Nach Halders Loblied auf den napoleontreuen Rheinbundfürsten blies Bettina Severin-Barboutie in ihrem Referat über die „Befreiungskriege im Rheinland“ in dasselbe Horn. Die Bevölkerung des linksrheinischen Deutschland habe sich an der französischen Fremdherrschaft – Severin-Barboutie spricht von der „sogenannten Fremdherrschaft“ – nicht gestört. Vielmehr hätten Rheinländer aus dem benachbarten Rheinbund um Aufnahme in das Kaiserreich gebeten. Widerständiges Verhalten sei nicht selten restaurativ gewesen und habe sich nicht gegen die Franzosenherrschaft, sondern gegen die Anforderungen des modernen Staates an seine Bürger gerichtet. Zudem sei die Herrschaft der Franzosen für die Deutschen ja nichts Neues gewesen, denn aus der Zeit des Heiligen Römischen Reiches seien sie ja bereits Personalunionen von deutschen Territorien und fremden Reichen gewohnt gewesen.

Angesichts dieser Einheitlichkeit der Stoßrichtung kam dann auch aus dem Publikum die „Glaubensfrage“ an das Podium, ob es denn nun die Befreiungskriege für eine Befreiung der Deutschen von der Fremdherrschaft halte oder aber für ein Herausdrängen der Errungenschaften der Französischen Revolution aus Deutschland, das zu bedauern sei. Mit Ausnahme von Parplies, der sich einer Stellungnahme enthielt, antwortete der Rest des Podiums, sprich Halder und Severin-Barboutie, Schwarzweißmalerei sei unangebracht und in der Geschichtswissenschaft müsse man differenzieren.
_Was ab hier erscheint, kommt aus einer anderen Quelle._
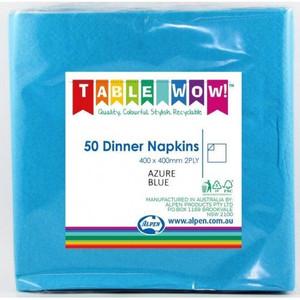 Napkin Dinner Azure Blue 50pk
Das anschließende Vortragsthema „Geteilte Erinnerung – Die Befreiungskriege in der Geschichtspolitik in Ost und West“ hätte hier die Möglichkeit zur Selbstreflexion geboten, doch konzentrierte sich Gerd Fesser aus Jena in seinem durchaus hörenswerten Beitrag vornehmlich auf die Politik der DDR.

Abgerundet wurde das zweitägige Vortragsprogramm dieser sehr gut organisierten Tagung, in der niemals Langeweile aufkam, durch Referate der Buchautorin Karin Feuerstein-Praßer über Königin Luise und des Professors Tilman Mayer zum Thema „Befreiungskriege und Nationalstaatsbildung“.
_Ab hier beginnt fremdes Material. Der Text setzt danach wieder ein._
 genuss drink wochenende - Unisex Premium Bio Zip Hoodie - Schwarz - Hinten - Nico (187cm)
Am dritten und letzten Semi­nartag wurde die Ausstellung des Oberschlesischen Landesmuseums in Ratingen-Hösel „,Das Vaterland ist frey‘ – 200 Jahre Befreiungskriege“ besucht, über die in dieser Zeitung bereits berichtet wurde. Was bleibt, ist der Eindruck eines Kompromisses dergestalt, dass die Kulturstiftung das Thema vorgegeben hat und das Gerhart-Hauptmann-Haus dafür beim Programm und damit bei der inhaltlichen Ausrichtung das letzte Wort hatte. M.R.